> **Listed records**
***

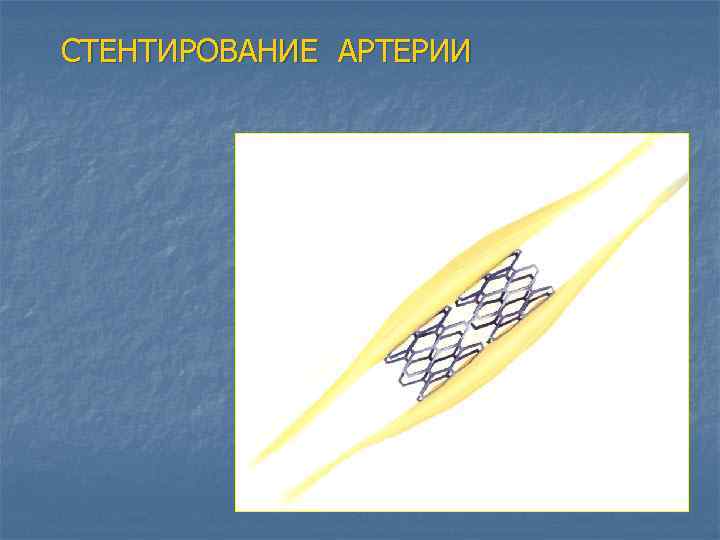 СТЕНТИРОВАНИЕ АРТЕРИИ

***

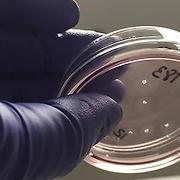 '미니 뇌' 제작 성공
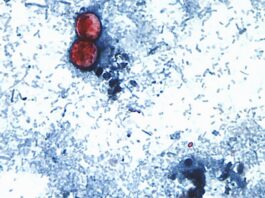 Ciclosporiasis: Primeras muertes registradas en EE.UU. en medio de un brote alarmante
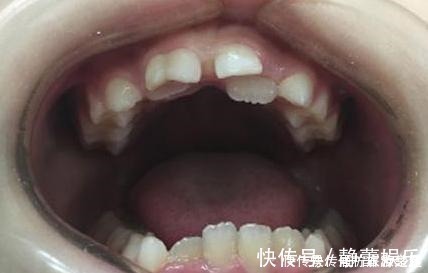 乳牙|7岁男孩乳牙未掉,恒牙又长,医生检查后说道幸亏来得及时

***

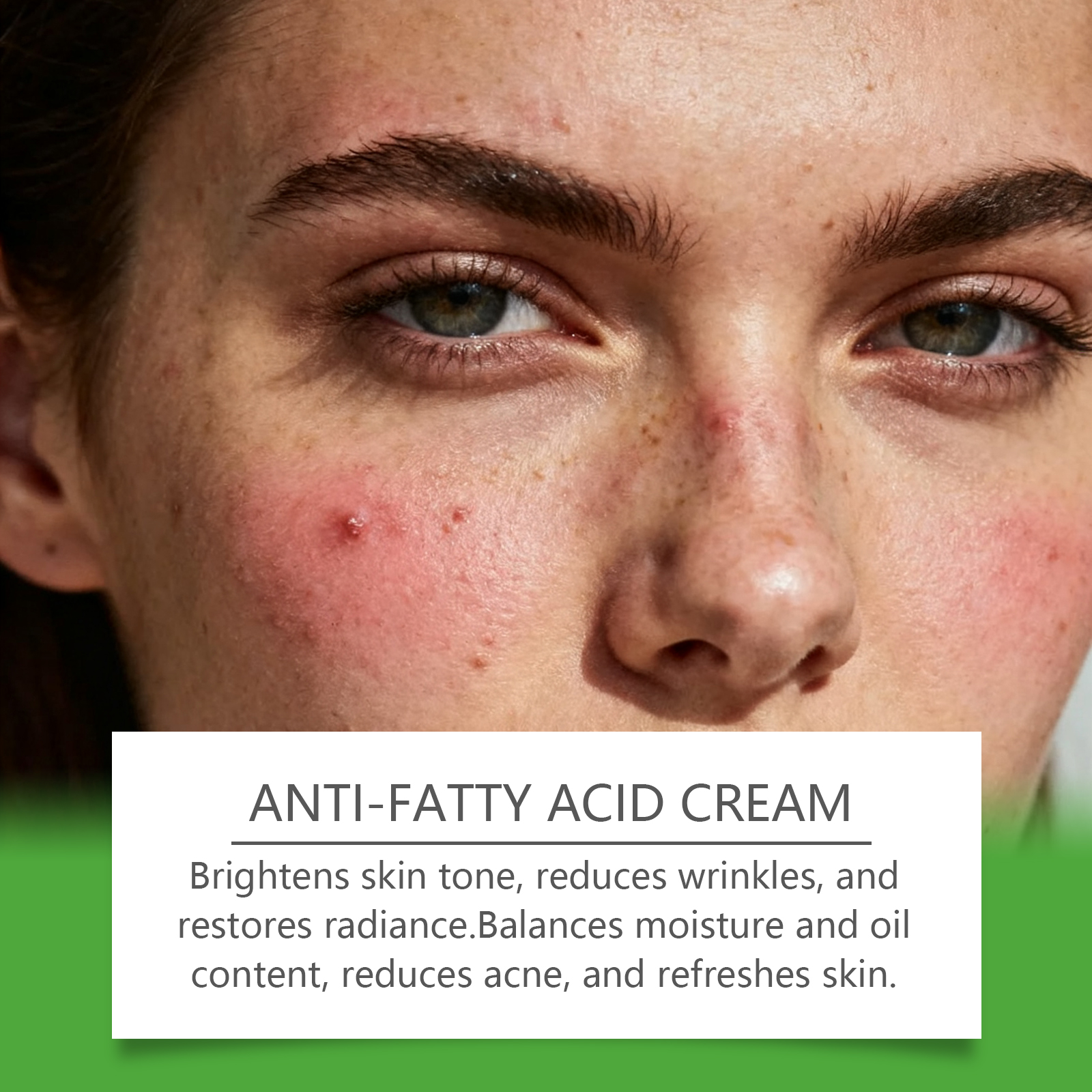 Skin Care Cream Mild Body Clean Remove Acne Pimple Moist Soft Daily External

***

> **How to complete this task**
Starting with the line that contains "Ciclosporiasis: Primeras muertes" and finishing with the line that contains "乳牙|7岁男孩乳牙未掉,恒牙又长,医生检查后说道幸亏来得及时", reproduce every line of the material above exactly, but not the pictures.

> **Answer section**
 Ciclosporiasis: Primeras muertes registradas en EE.UU. en medio de un brote alarmante
 乳牙|7岁男孩乳牙未掉,恒牙又长,医生检查后说道幸亏来得及时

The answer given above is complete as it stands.